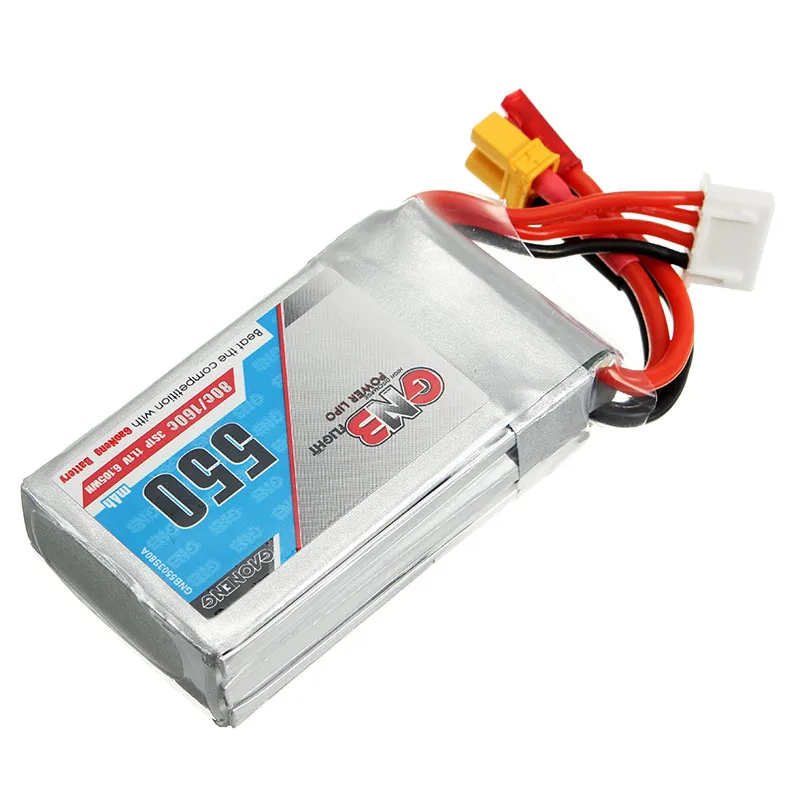 Rechargeable Lipo Battery Gaoneng GNB 11.1V 550mAh 80/160C 3S JST/XT30 Plug | Игрушки и хобби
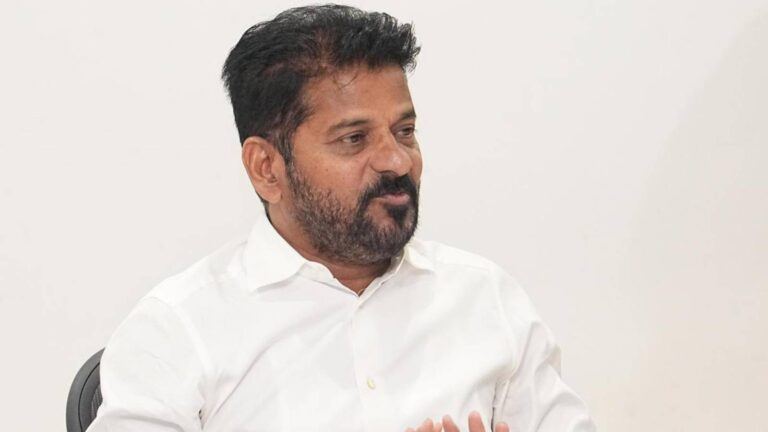 Revanth Reddy addressing media after bypoll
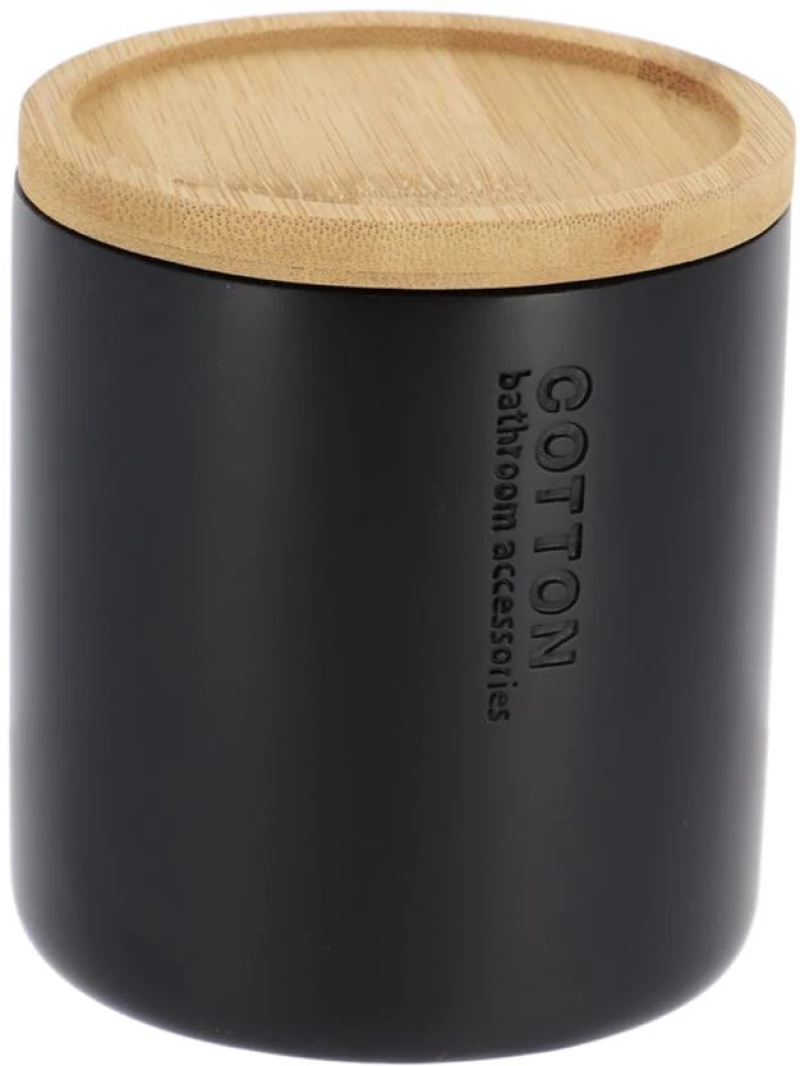 Δοχείο polyresin μαύρο  με καπάκι bamboo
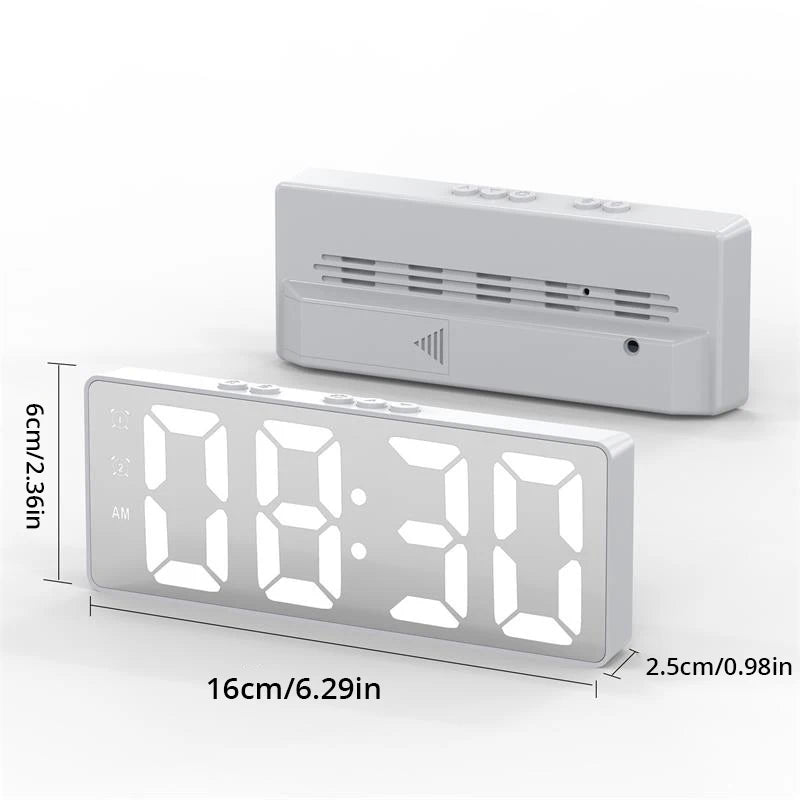 LED Mirror Table Clock Digital Alarm with Snooze Display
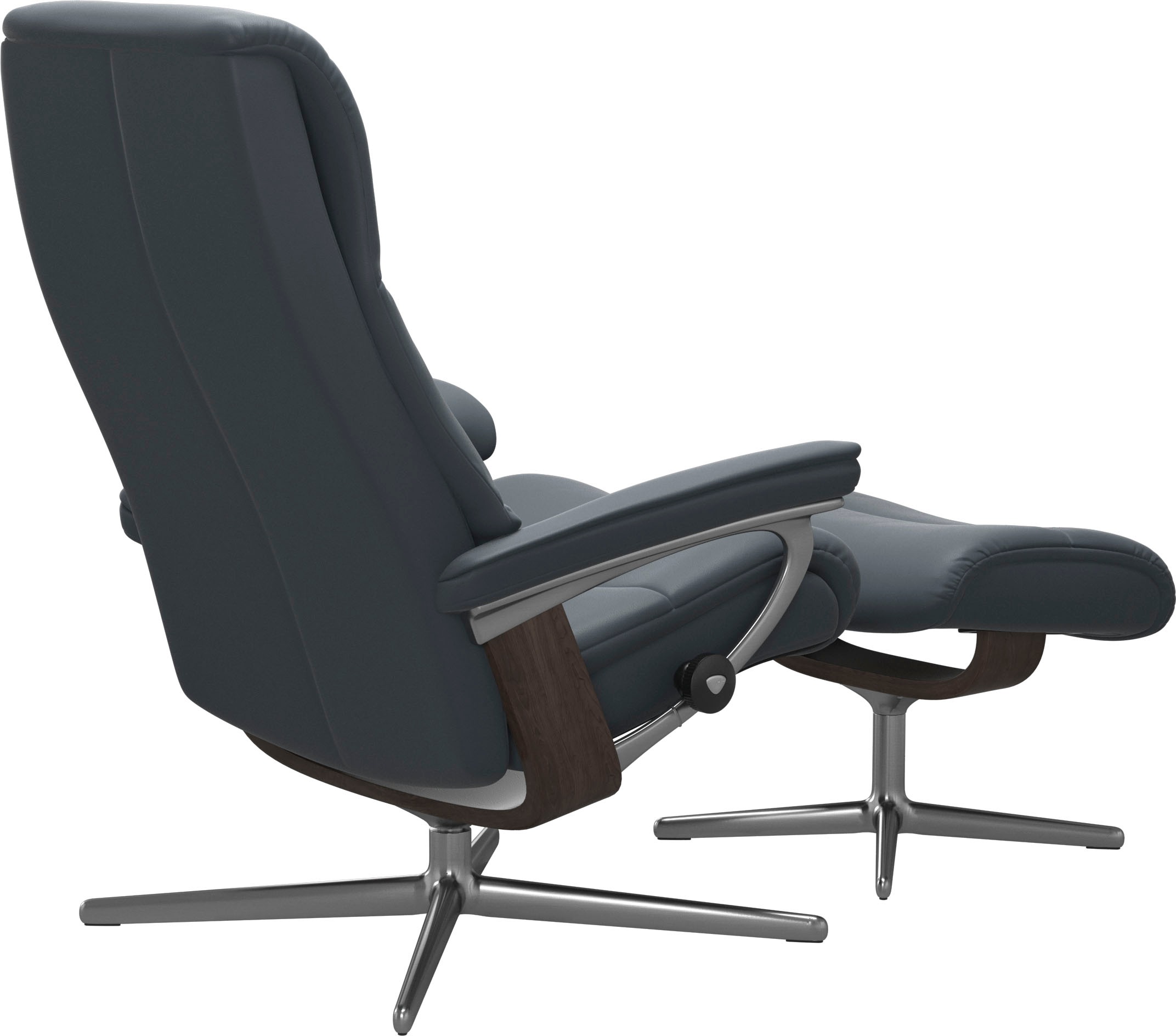 Stressless® Relaxsessel »View«, (Set, Relaxsessel mit Hocker), mit Hocker, mit Cross Base, Größe S, M & L, Holzakzent Wenge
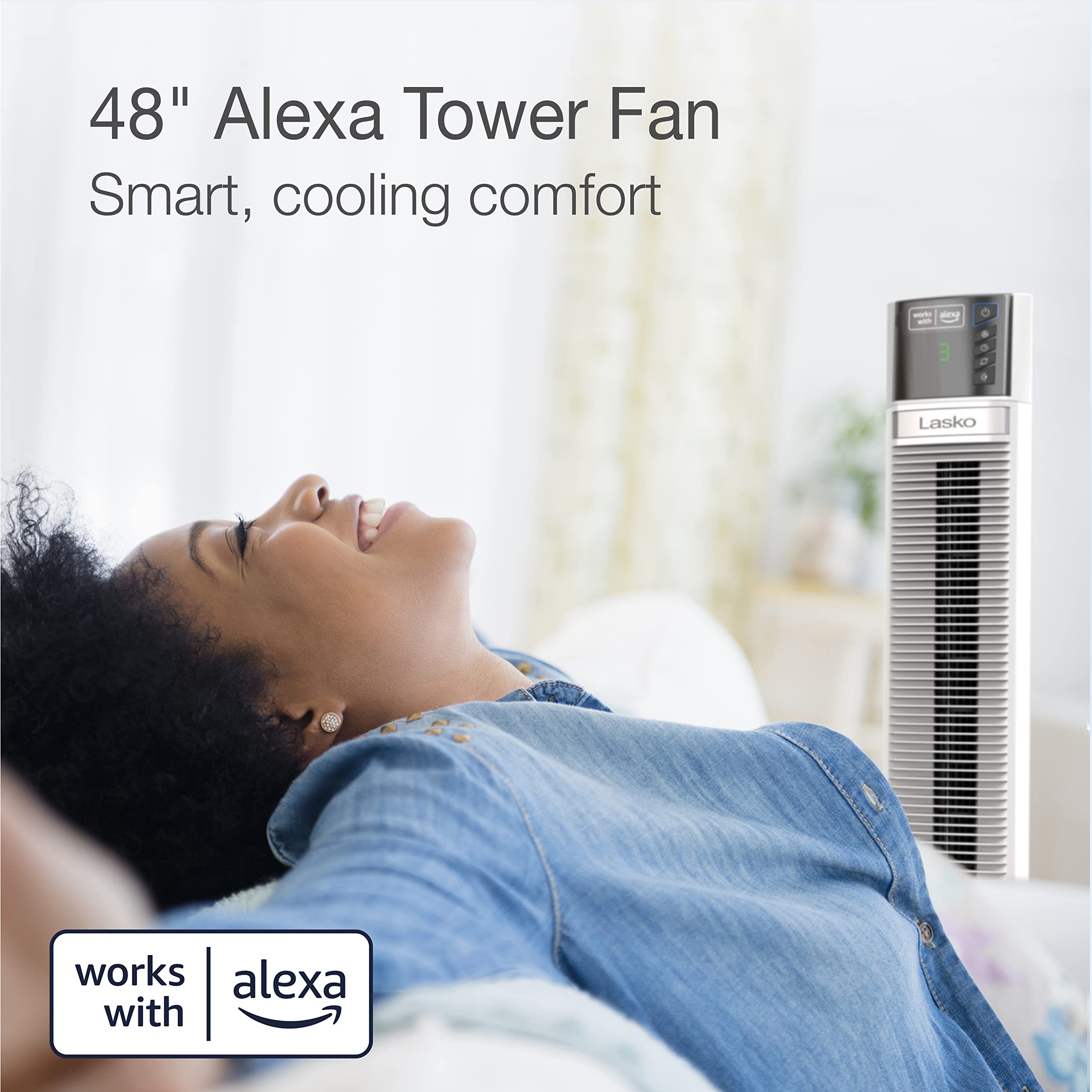 Lasko Works With Alexa Oscillating Tower Fan, Voice Controlled, 4 Quiet Speeds, Sleep Mode, Timer, Bedroom, Living Room, 48, Whi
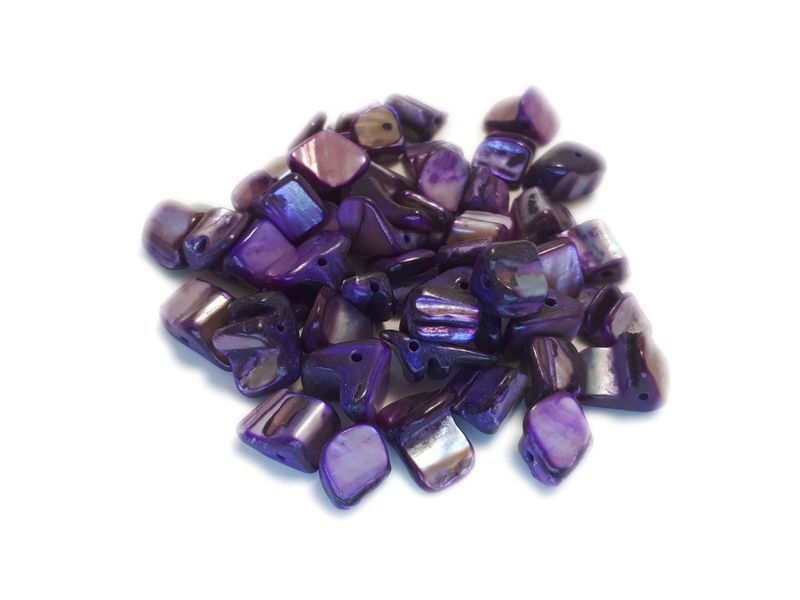 BEAD COOL - Shell Irregular - Violet - 200pcs (Dia 5mm by 15mm) 0.5mm hole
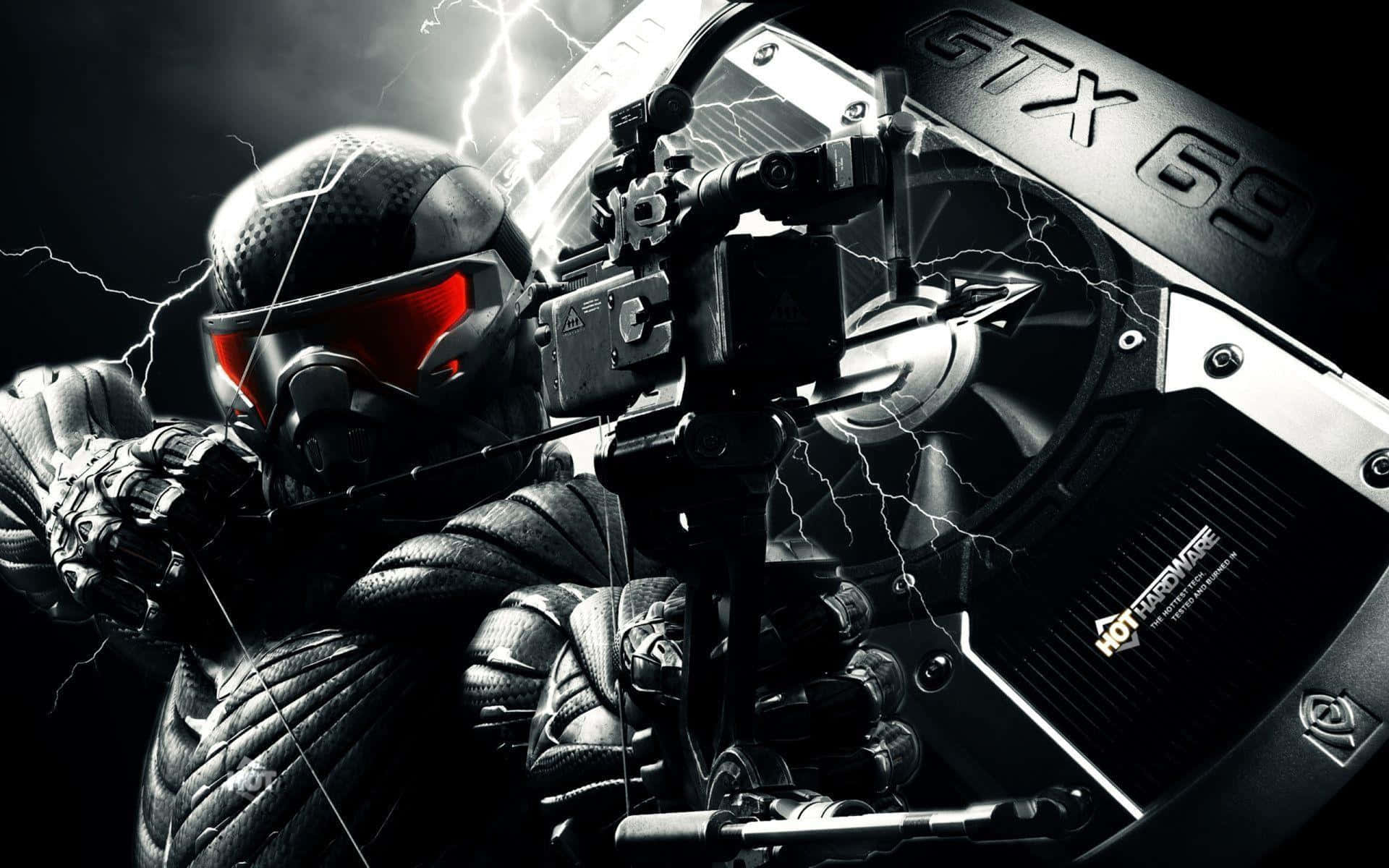 Crysis HD, futuristic soldier, black armor, Full HD Desktop Wallpaper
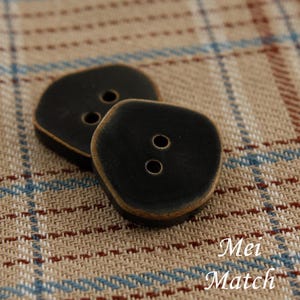 Genuine Horn Buttons, Rock Shaped, 12mm, 15mm, 20mm, Pack of 10(B825) image 1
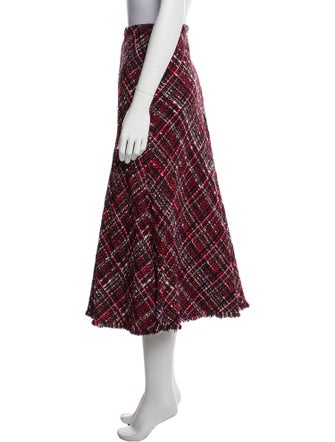 Alexander McQueen Plaid Print Midi Length Skirt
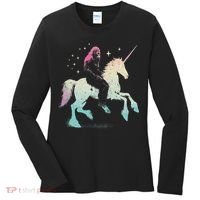 Bigfoot Riding A Unicorn Funny Sasquatch Lover Women's Long Sleeve Shirt thumb 0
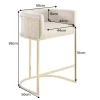 Stilvoller Barhocker ELEGANCE beige Samt gold Edelstahl mit Armlehne und Fußablage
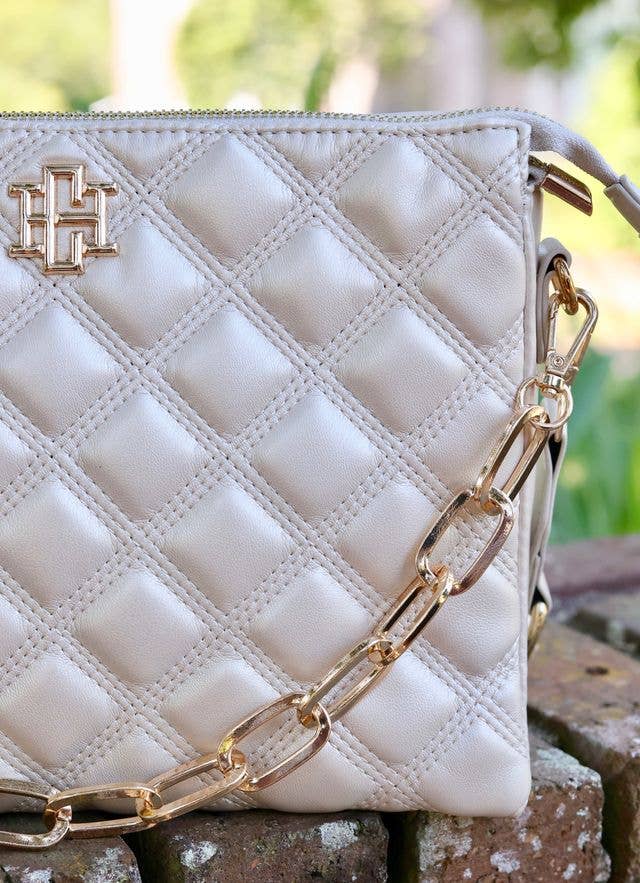Quilted Crossbody - Pearl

===============

- PROBLEM DETAILS -
Give the entries above again word for word, without any pictures.

- REPLY TO THE TASK -
 Rechargeable Lipo Battery Gaoneng GNB 11.1V 550mAh 80/160C 3S JST/XT30 Plug | Игрушки и хобби
 Revanth Reddy addressing media after bypoll
 Δοχείο polyresin μαύρο  με καπάκι bamboo
 LED Mirror Table Clock Digital Alarm with Snooze Display
 Stressless® Relaxsessel »View«, (Set, Relaxsessel mit Hocker), mit Hocker, mit Cross Base, Größe S, M & L, Holzakzent Wenge
 Lasko Works With Alexa Oscillating Tower Fan, Voice Controlled, 4 Quiet Speeds, Sleep Mode, Timer, Bedroom, Living Room, 48, Whi
 BEAD COOL - Shell Irregular - Violet - 200pcs (Dia 5mm by 15mm) 0.5mm hole
 Crysis HD, futuristic soldier, black armor, Full HD Desktop Wallpaper
 Genuine Horn Buttons, Rock Shaped, 12mm, 15mm, 20mm, Pack of 10(B825) image 1
 Alexander McQueen Plaid Print Midi Length Skirt
 Bigfoot Riding A Unicorn Funny Sasquatch Lover Women's Long Sleeve Shirt thumb 0
 Stilvoller Barhocker ELEGANCE beige Samt gold Edelstahl mit Armlehne und Fußablage
Quilted Crossbody - Pearl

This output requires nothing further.